Nicandrou did not specify how much Eastspring and Prudential could grow their respective assets in the coming few years. A spokeswoman for Eastspring declined to offer specific projections on such plans over the next three to five years.
SPLIT DECISION
Prudential’s Asia growth ambitions are part of the reason that the UK-headquartered company has decided to de-merge its global business into two separate companies.
The insurer intends to move its Europe-focused insurance operations and developed market-focused asset management arm, M&G Investments, into a new business called M&G Prudential. Meanwhile, its energetic, fast-paced emerging market operations in Asia and Africa are aligning with its expanding US division (Jackson National Life Insurance) and its Singapore-based asset management house Eastspring Investments. This will be known as Prudential Plc.

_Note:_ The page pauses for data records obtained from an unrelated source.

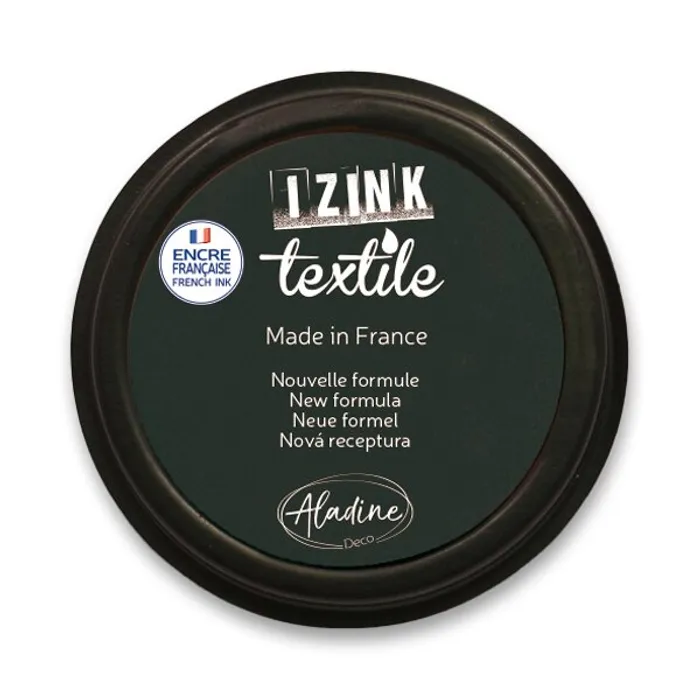 Główne zdjęcie produktu Razítkovací polštářek Izink Textile černá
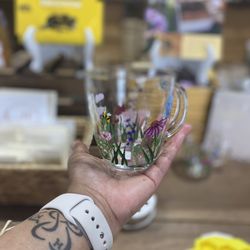 The Bee Box - Hand panted glass.... I will be back for you :)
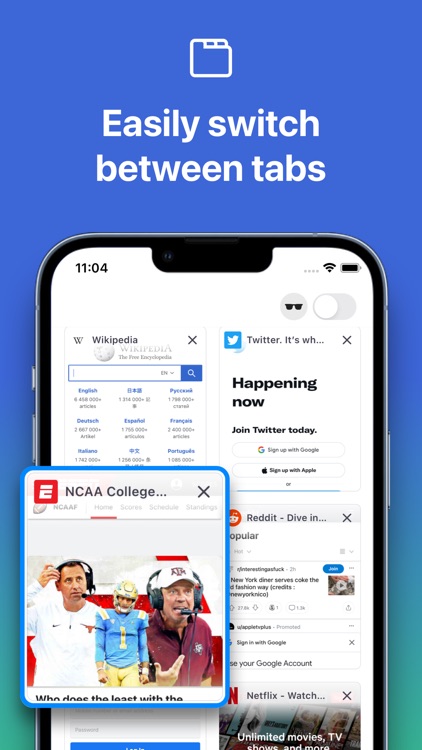 Fend: Private Browser screenshot-7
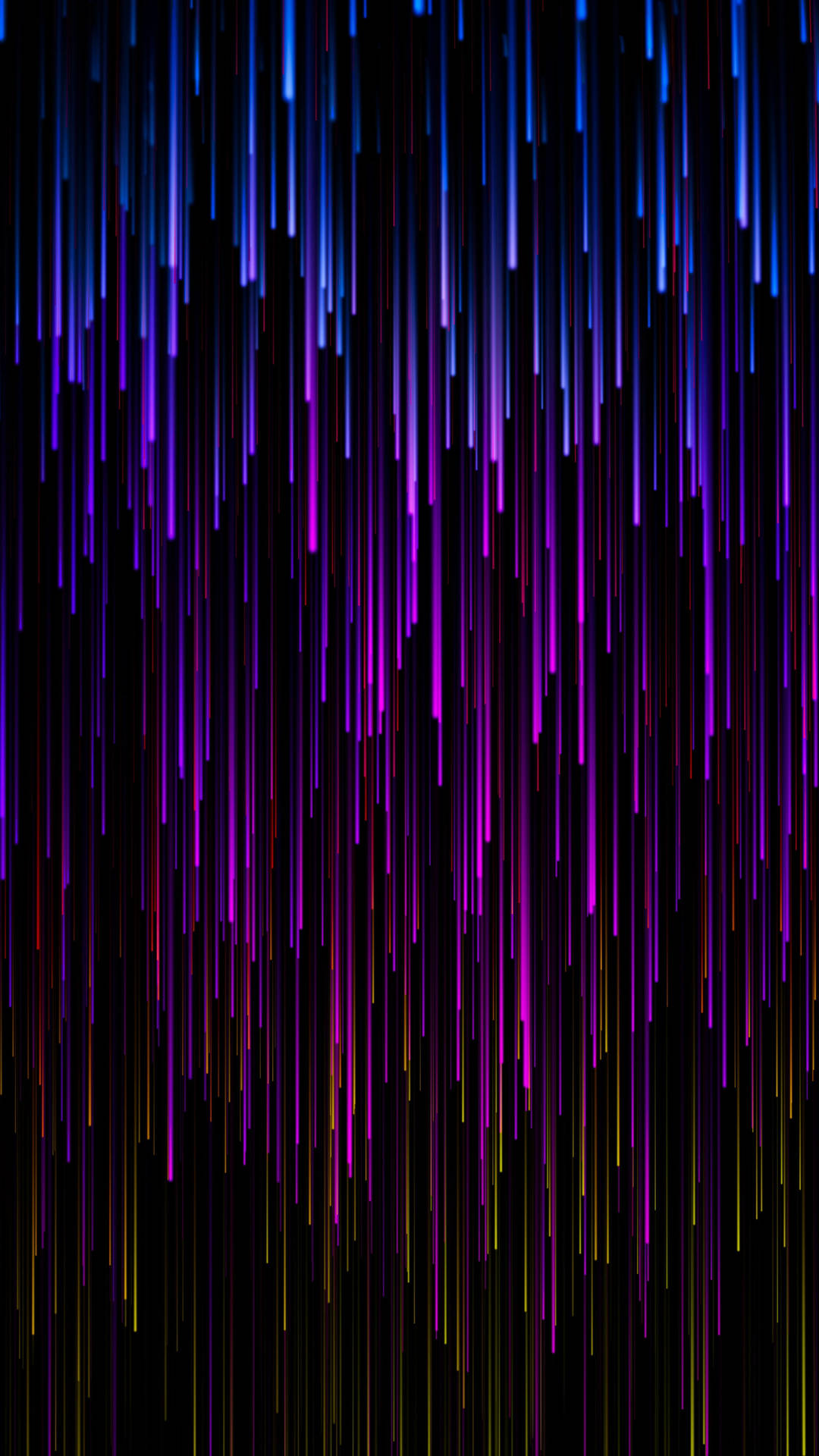 Neonlinien Dunkel Lila Iphone Wallpaper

The idea behind the split is to allow the more mature (read: stodgier) insurance business to be based on its own merits, rather than lag behind the pacier emerging markets divisions. Asia and the US are by far the most rapidly expanding parts of Prudential. Operating profits in Asia grew by 20% in 2017 to nearly £2 billion, while those of Jackson grew by 17%. These compare with the 10% growth seen in its Europe and UK divisions.

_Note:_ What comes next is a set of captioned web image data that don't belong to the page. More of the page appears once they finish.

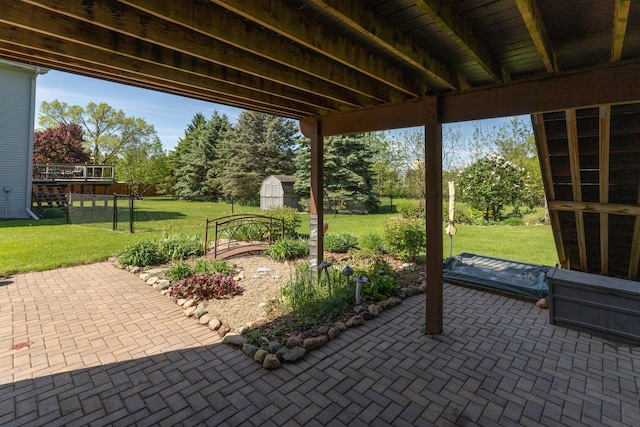 420 Cedar Ct NE, Pine Island, MN 55963 - view of patio / terrace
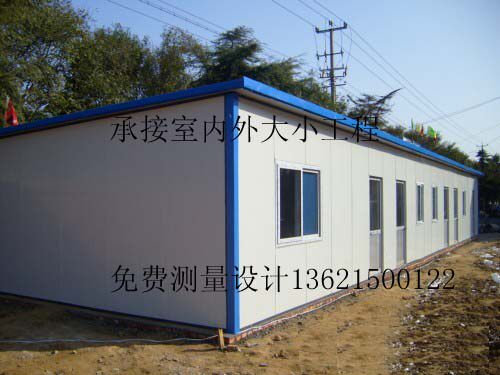 常州泡沫彩钢夹心板夹芯板厂房搭建活动彩钢瓦房岩棉夹芯板简易房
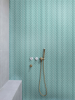 Picture of MiR Mosaic - Color Palette Mosaic Herringbone Aqua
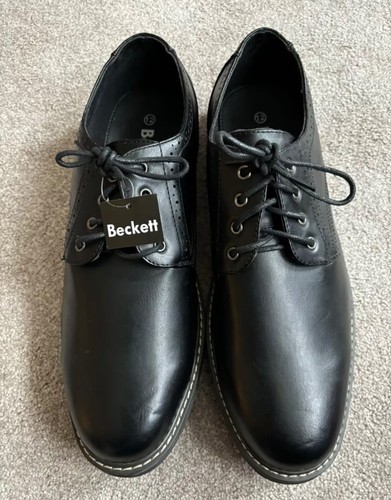 Beckett mens dress shoes black - mens,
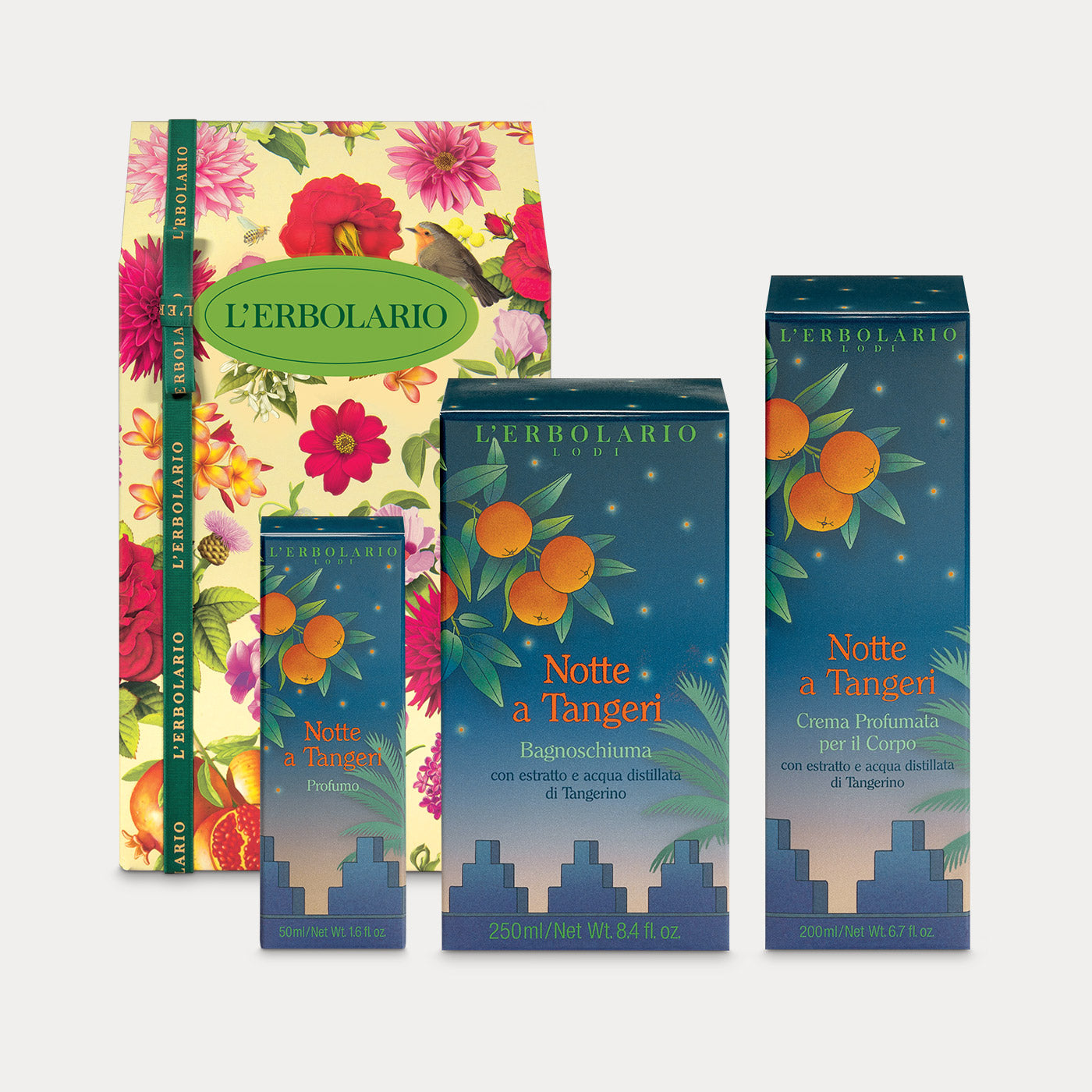 Confezione regalo Trio Profumo Notte a Tangeri
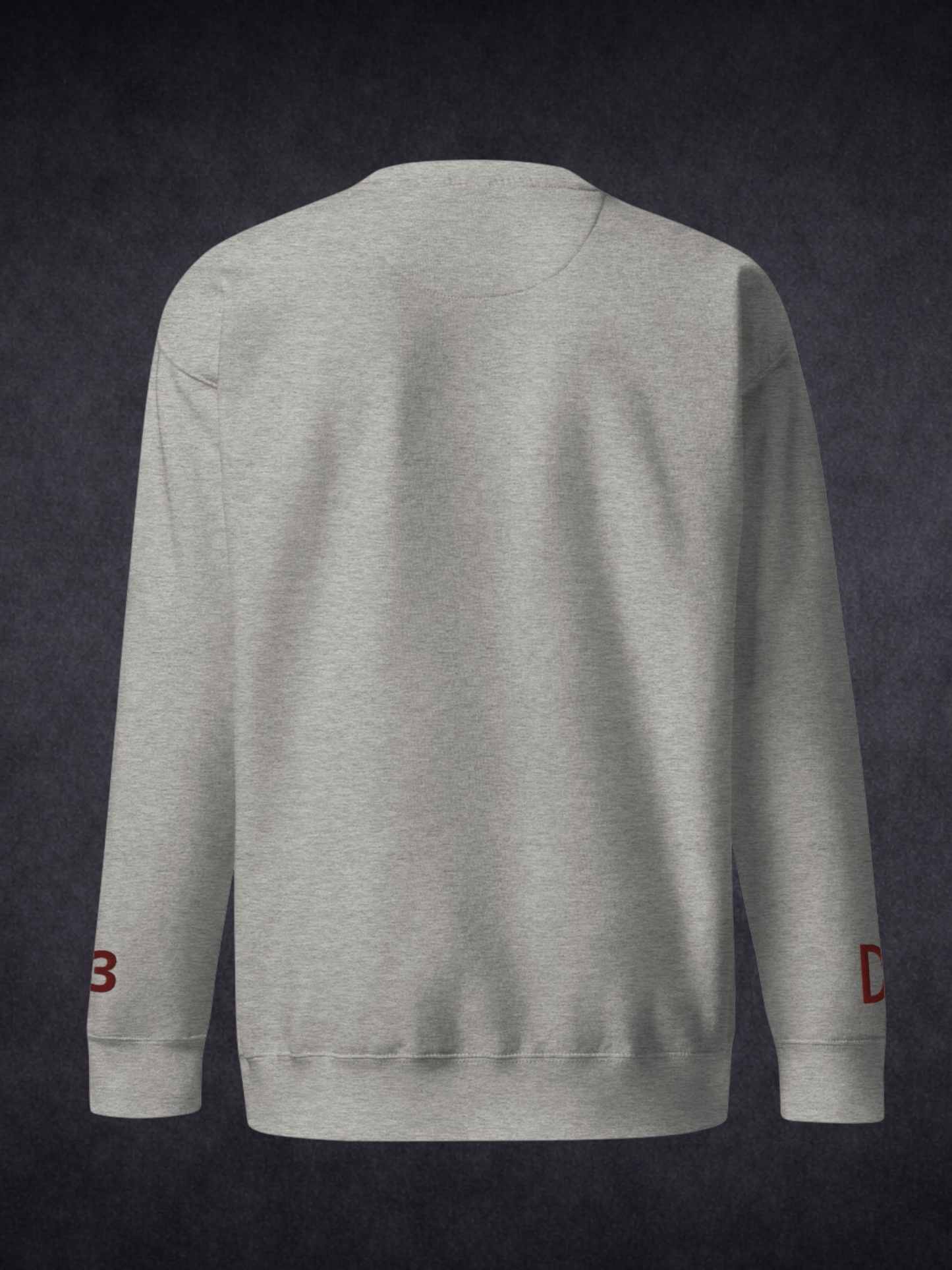 Step Up To The Plate – MJCYDH Custom Testimony Sweatshirt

“No company has infinite resources and at the end of the day we have to decide where to direct them,” Nicandrou said. “In the UK we are growing but it’s slower and more cash generative. Others need to invest at a faster rate to take advantage of the growth opportunities. With the UK being unshackled, it won’t have to demonstrate that whatever idea it brings to the centre is better than [the business growth offered by] Asia.”
Bringing Asia, Africa, and the US into one business is an unusual approach, given the differing sophistication of each geography, but Nicandrou argued that all three can boast rapidly growing premiums and revenues. Plus, he believes the US business could offer some complimentary services for its Asia operations.
“No product here [in Asia] lets people draw down on [their accumulated insurance assets] once they stop accumulating; after 20 to 30 years of saving if you take the money it’s in one block,” he noted. “But Jackson is an expert in decumulation products (which let retirees draw down money while continuing to invest the remainder in appropriate investments). And many authorities are now thinking of their aging populations and trying to get companies like us to create products to cater to those needs.”
Going forward, Nicandrou said Prudential would remain relatively conservative in its product array. He noted that it would not, for example, seek to tread into more aggressive forms of investment policy in China. “We would rather have quality, with protection and premiums for the next 30 years, than short-term single premium products that have payments we guarantee for three to five years,” he said.
He was also at pains to note that Prudential thinks China’s plan to integrate its banking and insurance regulator would help reduce arbitrage. “For us, stronger regulation is a good thing; we are used to [operating under stringent] regulation.”